• [Exercise description]
I need the lines from the one holding "Raleigh Contemporary Cityscape" to the last line of the data below repeated exactly, both included, without pictures.
*** Opening Records for this exercise ***
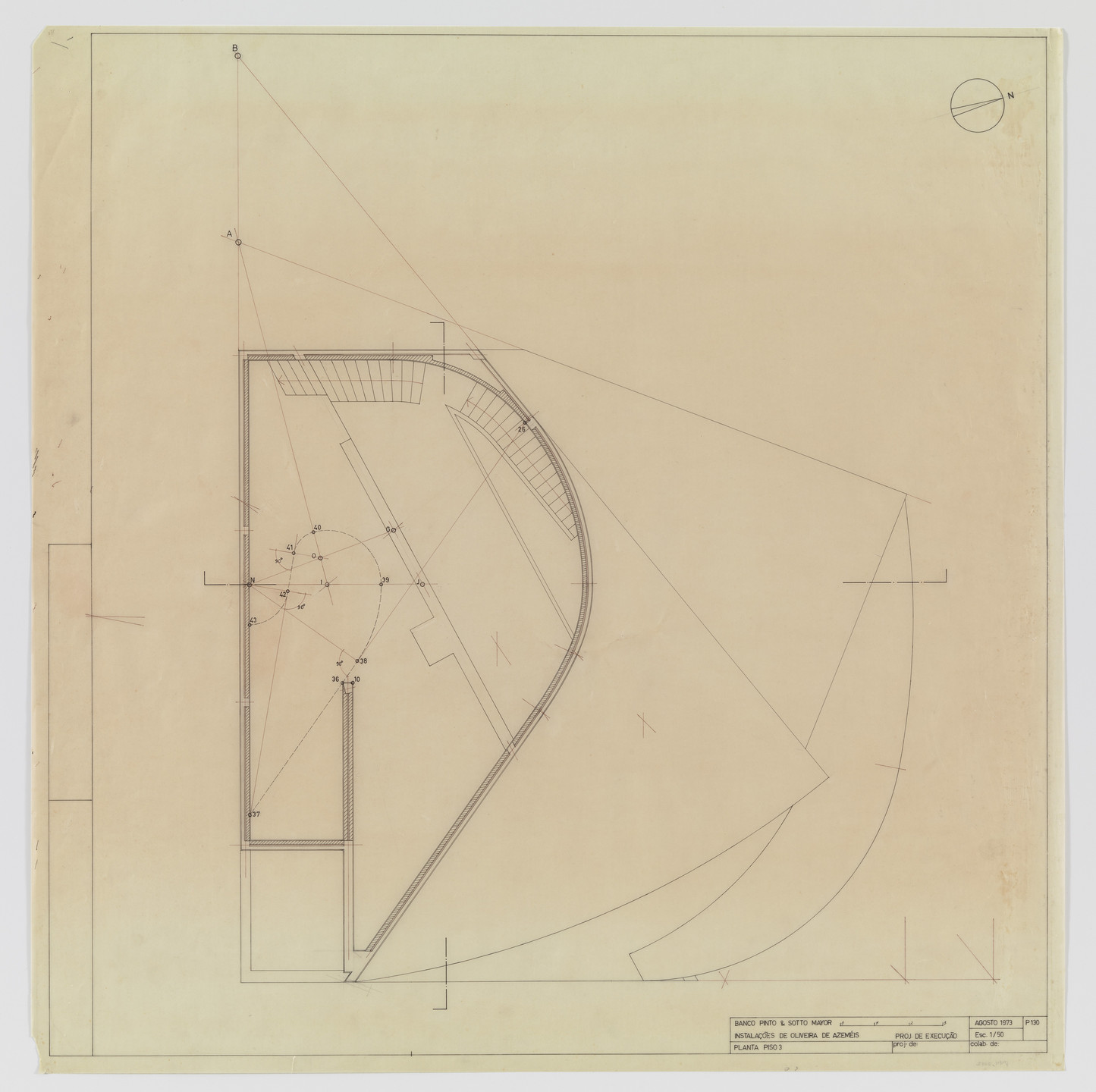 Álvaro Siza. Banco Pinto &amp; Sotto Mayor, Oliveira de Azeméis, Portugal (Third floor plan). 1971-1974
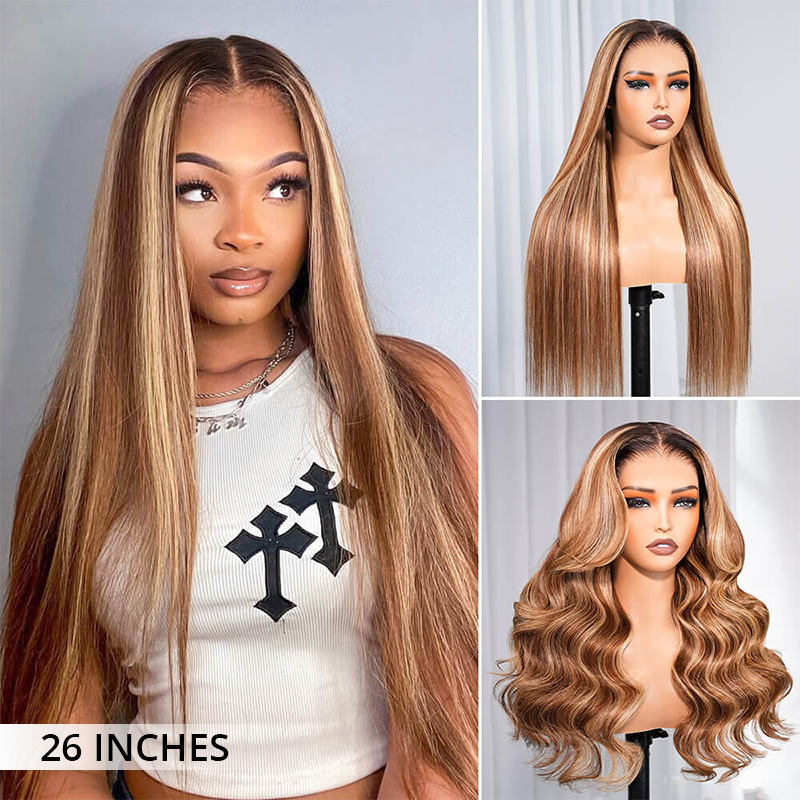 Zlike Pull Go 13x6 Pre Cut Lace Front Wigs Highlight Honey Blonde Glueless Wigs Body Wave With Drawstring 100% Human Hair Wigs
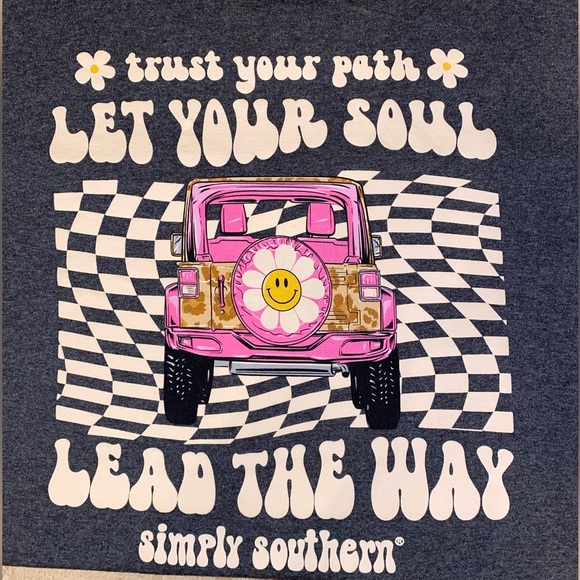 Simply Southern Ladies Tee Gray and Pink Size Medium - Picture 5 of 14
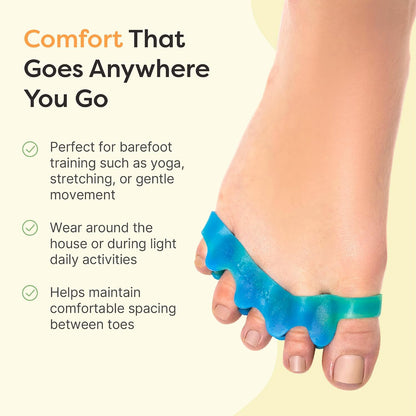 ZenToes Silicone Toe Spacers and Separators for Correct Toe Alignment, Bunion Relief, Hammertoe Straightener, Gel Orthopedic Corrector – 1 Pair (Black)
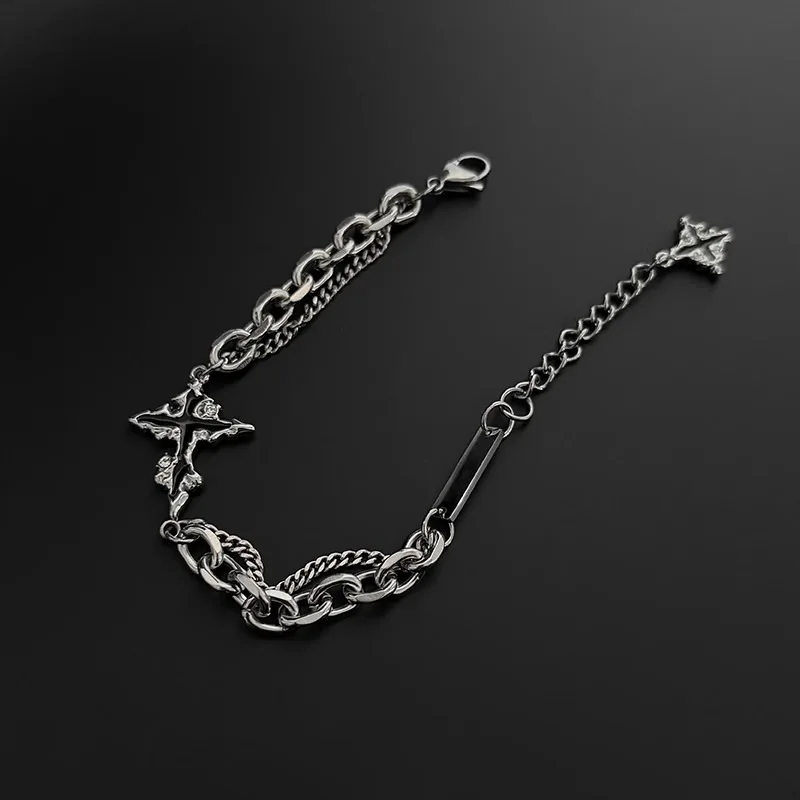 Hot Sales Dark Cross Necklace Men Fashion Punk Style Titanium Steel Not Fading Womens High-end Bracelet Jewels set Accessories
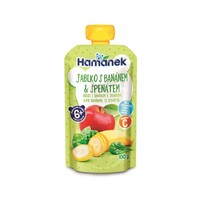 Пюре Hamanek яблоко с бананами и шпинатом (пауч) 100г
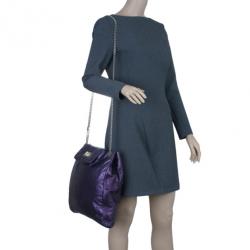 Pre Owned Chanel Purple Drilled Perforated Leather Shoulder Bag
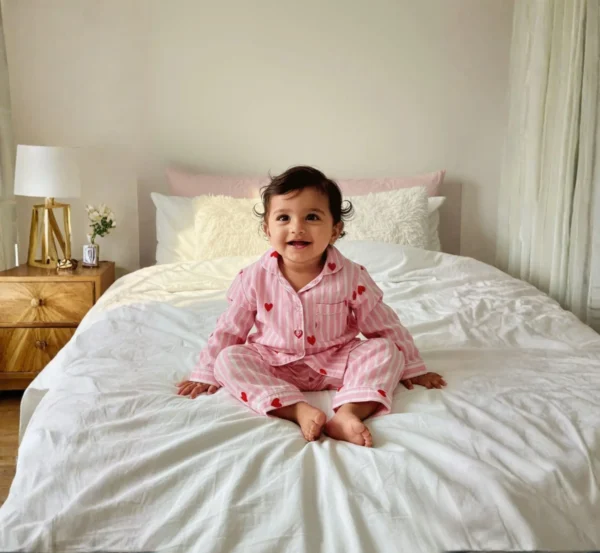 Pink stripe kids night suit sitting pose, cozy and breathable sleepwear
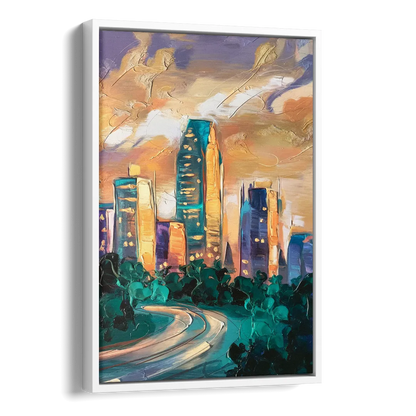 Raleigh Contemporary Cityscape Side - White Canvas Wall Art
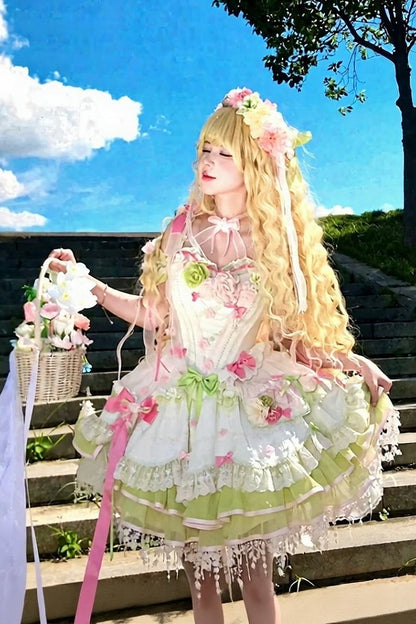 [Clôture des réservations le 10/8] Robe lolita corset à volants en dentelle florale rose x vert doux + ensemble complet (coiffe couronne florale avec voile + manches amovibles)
*** Closing Records for this exercise ***
• [Output]
 Raleigh Contemporary Cityscape Side - White Canvas Wall Art
 [Clôture des réservations le 10/8] Robe lolita corset à volants en dentelle florale rose x vert doux + ensemble complet (coiffe couronne florale avec voile + manches amovibles)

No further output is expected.